Ideas in Things

Reviewed by Dougal McNeill

Schitt’s Creek streams on Netflix here in New Zealand, but I have a hard time convincing friends that it is Canadian and not American content. Stevie’s fear of a single life in Saskatchewan—to me an evocative aside—carries no argumentative weight with my doubters; special pleading for what Stephen Henighan asked for in the “commitment to local detail” is under-read by consumers used to reading, in this other settler colony with a more powerful neighbour, the unspecified as American.

A better approach to understanding this simultaneously Canadian-produced and globally consumed product, suggest the essays in Gillian Roberts’ thoughtful and wide-ranging edited collection, would be to eschew content analysis for a focus on the mechanics, economics, and methods of television production and distribution. The book’s contributors, Roberts tells us, examine

what actually happens in cross-border cultural production and consumption by tracing the cross-border movements of cultural objects, some of which are conventionally understood and circulated as Canadian, and some as American.
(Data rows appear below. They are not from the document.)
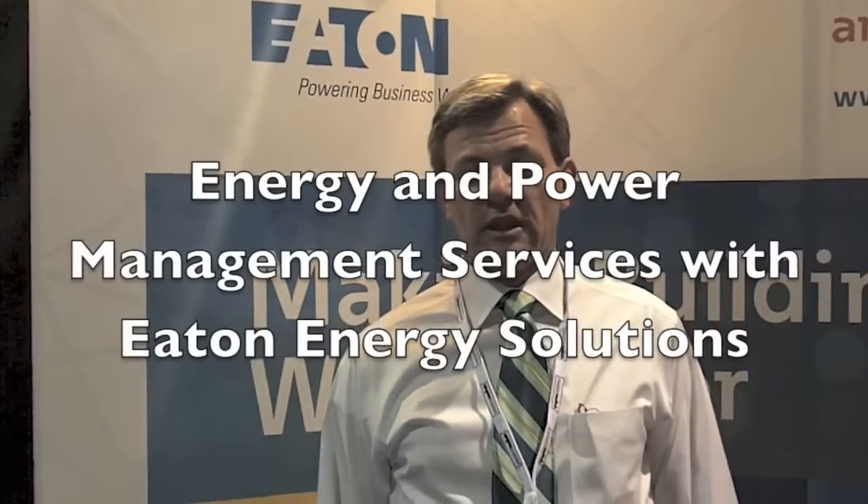Eaton Corporation is a provider of energy and power management services to a wide variety of industries for electrical, hydraulic, and mechanical systems and energy infrastructure.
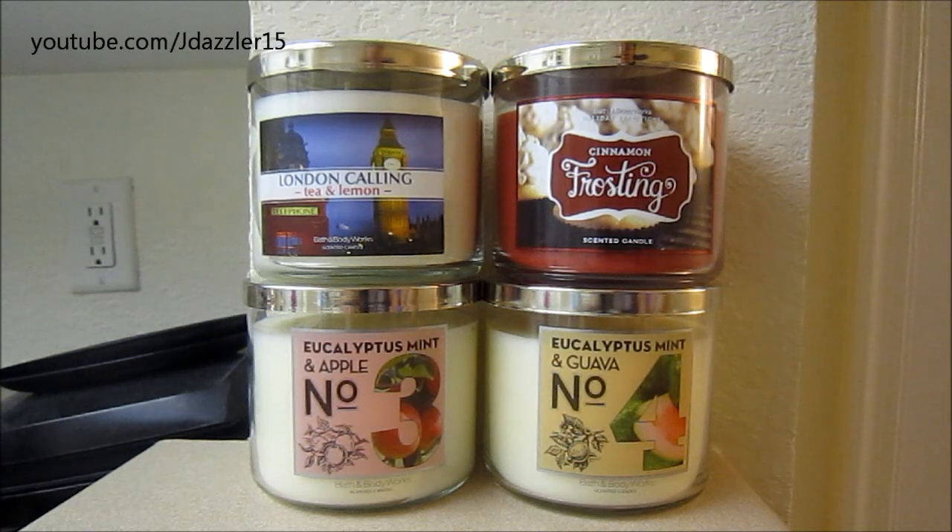These are the four candles I ended up getting. The deal was that all of the three-wicks were $8, so getting four came to $32. They have a bunch of coupons circulating, and the coupon I used was $10 off of $30, which I got from my last purchase. With this purchase I received another $10 off $30 coupon that goes until the end of the year. I'm not sure if it'll reach until the semi-annual sale, which I believe starts around the beginning of January.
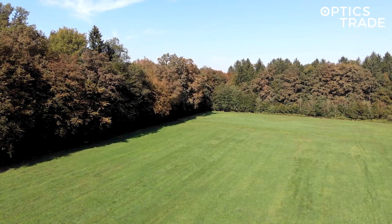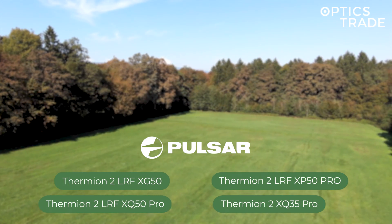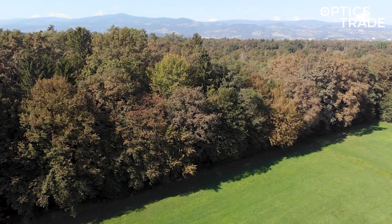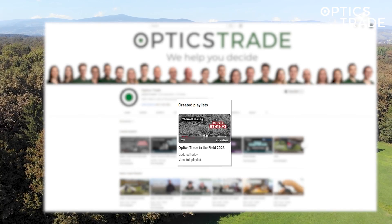Here is a list of all the devices we compared in this video. If you wish to see a video of a single thermal device from this video, visit our YouTube channel where individual videos of each device are posted.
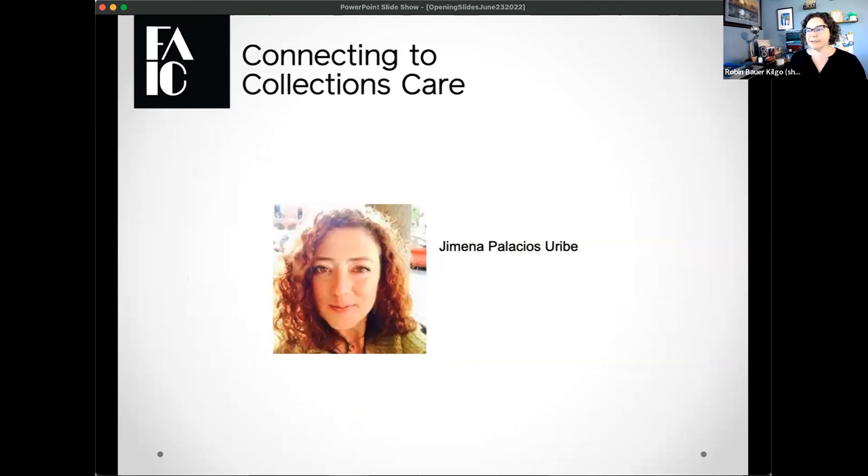I'm going to go ahead and introduce our speaker today. Her name is Ximena Palacios. She is a conservator and historian located in Mexico City who specializes in musical instruments. Ximena, feel free to start whenever you're ready, and I will see you all during the Q&A period once her presentation is done. Thanks and talk to you soon.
Rather than focusing on the battles over provenance that animated earlier nationalisms, these essays pay attention to what is generative in the many crossings cultural products make, from development to circulation, between Canadian and American spaces. What happens to Canadian romance novels, and to their writers, as they negotiate an American market accustomed to seeing itself as the universal audience? How do Canadian media workers operate as part of the “international pit crew” in the digital effects industry? What do the inscriptions and images of the Underground Railroad Monument in Detroit and Windsor reveal about how race and racism are acknow-ledged, or deflected, in state narratives of Canadian identity? These are just some of the questions prompted by the collection’s varied, lively chapters.

Reading Between the Borderlines works in the best traditions of cultural studies, bringing the skills of attentive close reading and literary analysis to unexpected, but significant, objects. No ideas but in things! Michael Stamm’s fascinating chapter on the politics of content and the Chicago Tribune starts not with text but with trees, and follows the “lifecycle of a printed text” from Canadian forest to Chicago breakfast table. Similarly, Richard Sutherland’s chapter on music corrects the scholarly focus on “the nationality of musical content” by exploring the “(largely industrial) means by which it circulates.” The Canadian recording industry has been, he points out, for most of its existence “a manufacturing industry.” Alyssa MacLean’s work on the Black open letter shows how the border “facilitated” transformations in Black agency and action.

The result of a 2014 conference in England, Reading Between the Borderlines reads as a moment preserved rather than dated. Its chapters circle back on the project and assumptions of Harper’s Conservative government, giving them an eerie relevance. In the Trump era, early-century enthusiasms over globalization and cosmopolitanism feel more distant than ongoing battles over racialized subjects, exclusions, and fears. Canada’s recent past tells us something about America’s present.